## TO DO
The expected answer is the set of lines in the data below between the line holding "Die Wohnfläche beträgt" and the line holding "Greetings and welcome", inclusive, written out exactly.

## DATA SUPPLIED
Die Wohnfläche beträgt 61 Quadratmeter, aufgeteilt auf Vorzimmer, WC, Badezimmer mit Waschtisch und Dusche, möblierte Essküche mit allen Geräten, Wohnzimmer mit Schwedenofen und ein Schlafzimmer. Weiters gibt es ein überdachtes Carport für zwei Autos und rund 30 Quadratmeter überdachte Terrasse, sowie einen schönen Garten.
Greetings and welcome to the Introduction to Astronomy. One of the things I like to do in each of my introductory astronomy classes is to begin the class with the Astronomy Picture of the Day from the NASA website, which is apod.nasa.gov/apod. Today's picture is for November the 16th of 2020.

--

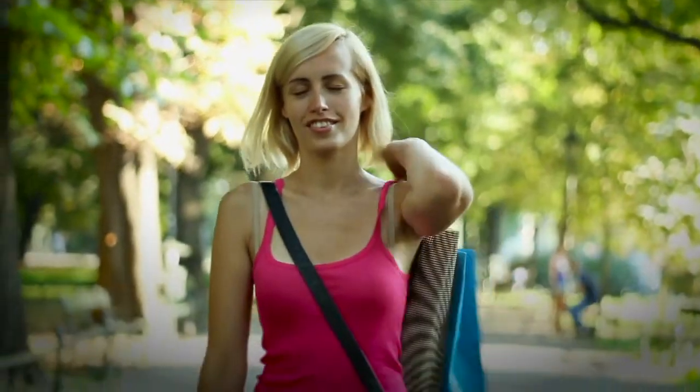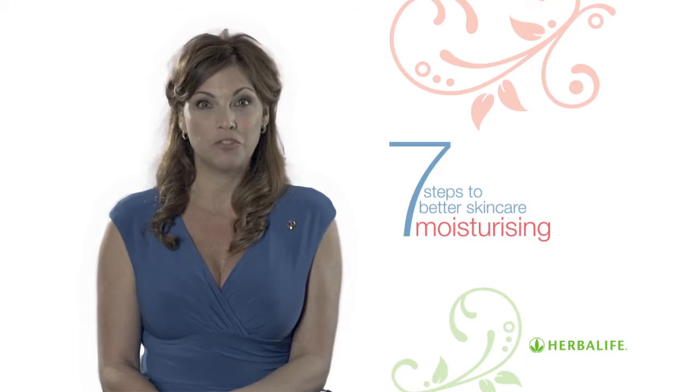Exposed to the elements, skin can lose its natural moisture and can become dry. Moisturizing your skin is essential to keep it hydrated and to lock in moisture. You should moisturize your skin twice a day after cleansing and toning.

==

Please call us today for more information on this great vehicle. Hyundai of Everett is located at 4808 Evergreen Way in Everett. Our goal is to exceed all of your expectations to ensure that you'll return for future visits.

## SOLUTION FOR THIS EXERCISE
Die Wohnfläche beträgt 61 Quadratmeter, aufgeteilt auf Vorzimmer, WC, Badezimmer mit Waschtisch und Dusche, möblierte Essküche mit allen Geräten, Wohnzimmer mit Schwedenofen und ein Schlafzimmer. Weiters gibt es ein überdachtes Carport für zwei Autos und rund 30 Quadratmeter überdachte Terrasse, sowie einen schönen Garten.
Greetings and welcome to the Introduction to Astronomy. One of the things I like to do in each of my introductory astronomy classes is to begin the class with the Astronomy Picture of the Day from the NASA website, which is apod.nasa.gov/apod. Today's picture is for November the 16th of 2020.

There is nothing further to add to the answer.